Extracted records below:

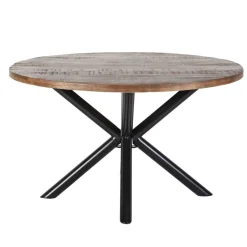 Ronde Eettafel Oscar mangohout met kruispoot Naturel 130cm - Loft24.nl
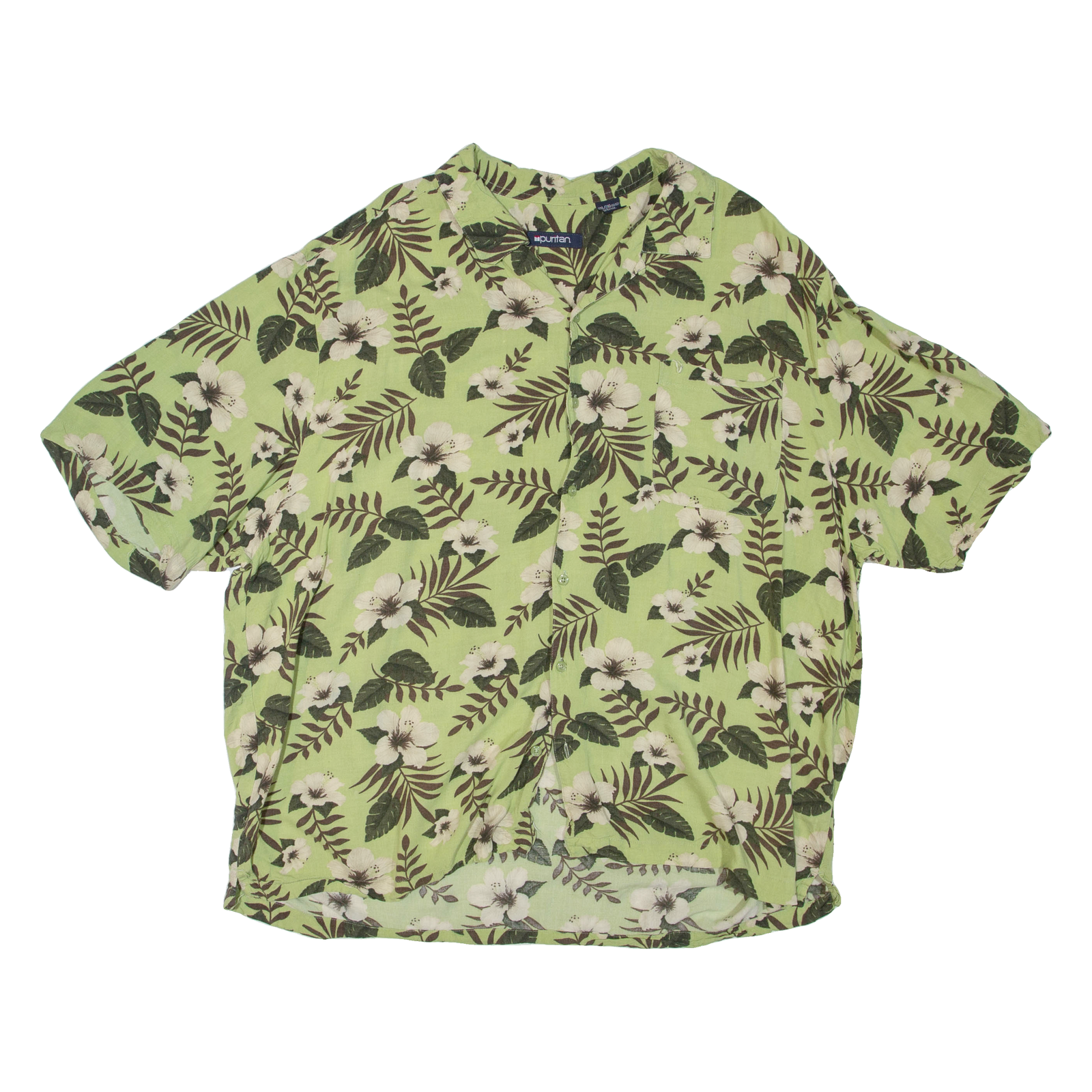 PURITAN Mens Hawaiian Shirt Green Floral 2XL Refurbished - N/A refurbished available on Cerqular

End of Extracted records.
Extracted records below:

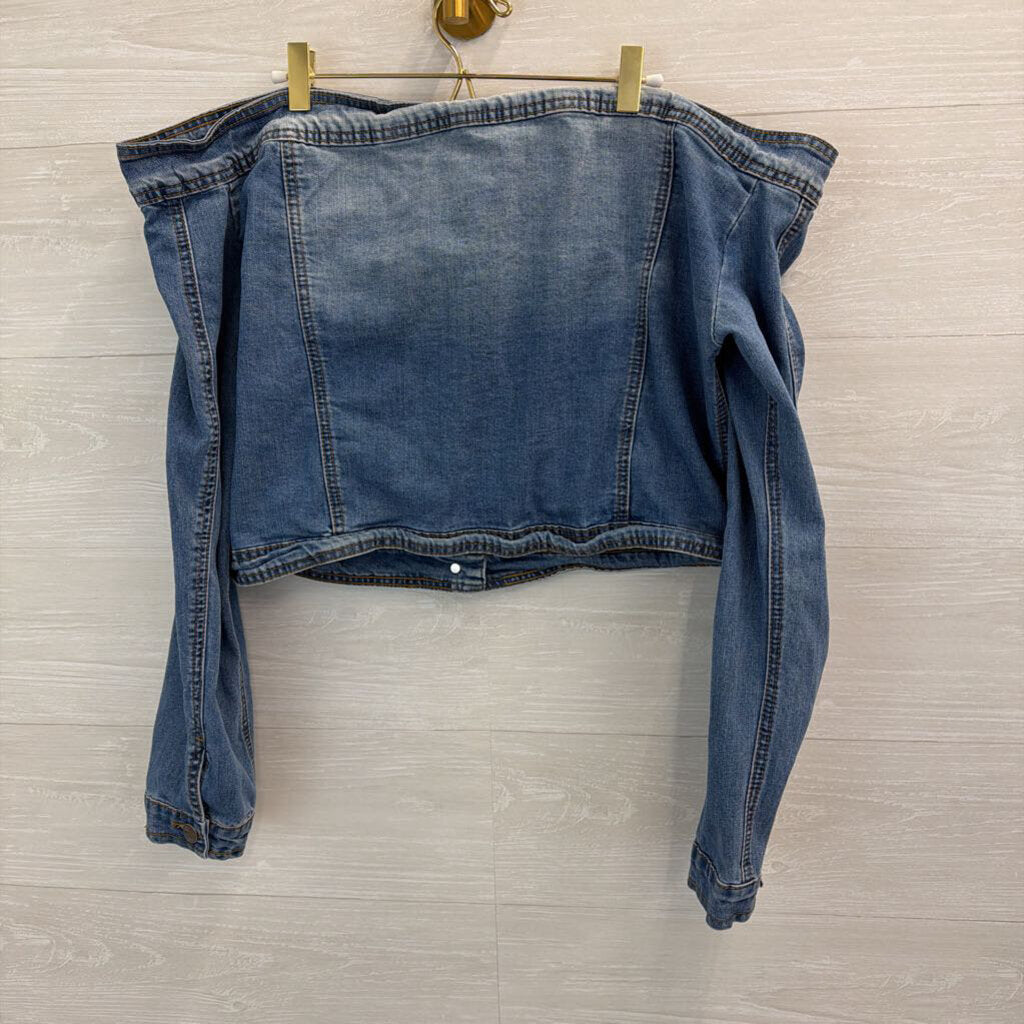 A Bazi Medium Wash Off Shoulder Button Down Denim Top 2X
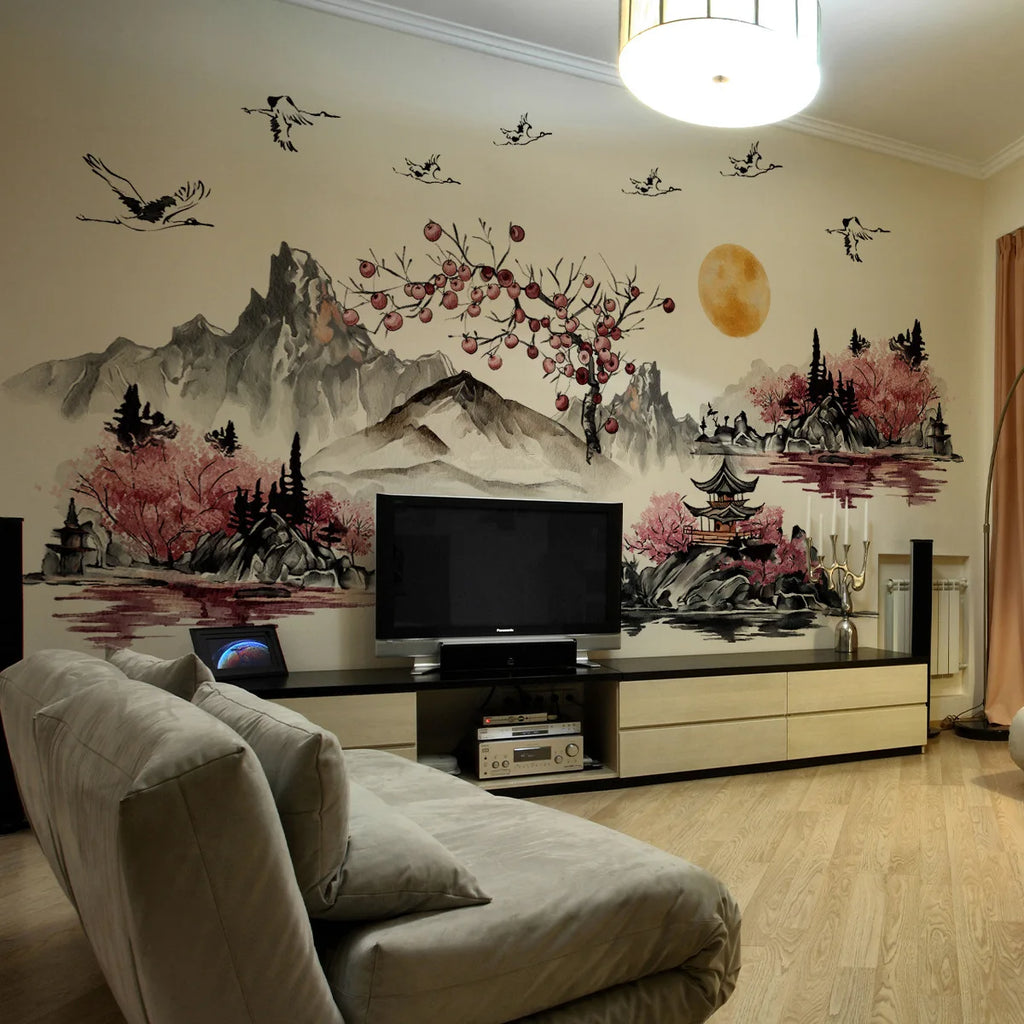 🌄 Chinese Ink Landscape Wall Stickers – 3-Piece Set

End of Extracted records.

> **Exercise details**:
With the pictures omitted, copy exactly the lines of the listing above starting at the line containing "A Bazi Medium" and ending at the line containing "Stickers – 3-Piece Set", both included.

> **Answer to the exercise**:
 A Bazi Medium Wash Off Shoulder Button Down Denim Top 2X
 🌄 Chinese Ink Landscape Wall Stickers – 3-Piece Set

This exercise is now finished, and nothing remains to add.